Book Synopsis Appliable Linguistics and Social Semiotics by : David Caldwell

Download or read book Appliable Linguistics and Social Semiotics written by David Caldwell and published by Bloomsbury Publishing. This book was released on 2022-10-06 with total page 545 pages. Available in PDF, EPUB and Kindle. Book excerpt: Exploring the relationship between theory and practice in Systemic Functional Linguistics (SFL), this volume offers a state-of-the-art overview of Appliable Linguistics. Featuring both internationally-renowned scholars and rising stars from Argentina, Australia, Austria, Brazil, Chile, Denmark, Indonesia, New Zealand, Singapore and the USA, Appliable Linguistics and Social Semiotics examines the theoretical insights, questions, and developments that have emerged from the application of Systemic Functional theory to a range of fields. Beyond simply reporting on the application of SFL to particular sites of communication, both linguistic and semiotic, this volume demonstrates how SFL has critiqued, developed and transformed theory and practice and foregrounds the implications of application for Systemic Functional theory itself. Covering established fields for application, such as education, medicine and media, to relatively uncharted areas, such as software design and extremist propaganda, this volume provides an overview of recent linguistic and semiotic innovations informed by SFL and examines the advances that have been made from many years of productive dialogue between theory and practice.
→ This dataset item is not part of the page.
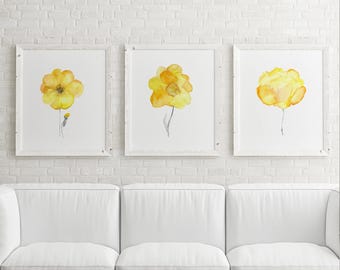 Watercolor paintnig yellow flowers print, watercolor flowers, flower art, floral art, botanical art, yellow wall decor, set of 3 - S7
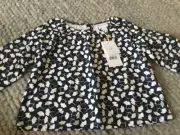 PUMPKIN PATCH long sleeve top BNWT blue white print size 2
Mining Intelligence and Knowledge Exploration

Download Mining Intelligence and Knowledge Exploration PDF Online Free

Author :
Publisher : Springer Nature
ISBN 13 : 3031215176
Total Pages : 248 pages
Book Rating : 4.0/5 (312 download)

DOWNLOAD NOW!


Book Synopsis Mining Intelligence and Knowledge Exploration by : Richard Chbeir

Download or read book Mining Intelligence and Knowledge Exploration written by Richard Chbeir and published by Springer Nature. This book was released on 2022-12-14 with total page 248 pages. Available in PDF, EPUB and Kindle. Book excerpt: This book constitutes revised selected papers from the refereed proceedings of the 9th International Conference on Mining Intelligence and Knowledge Exploration, MIKE 2021, which took place in Hammamet, Tunisia, in November 2021. The 22 full papers included in this book were carefully reviewed and selected from 61 submissions. They deal with topics such as evolutionary computation, knowledge exploration in IoT, artificial intelligence, machine learning, data mining and information retrieval, medical image analysis, pattern recognition and computer vision, speech / signal processing, text mining and natural language processing, intelligent security systems, Smart and Intelligent Systems, etc.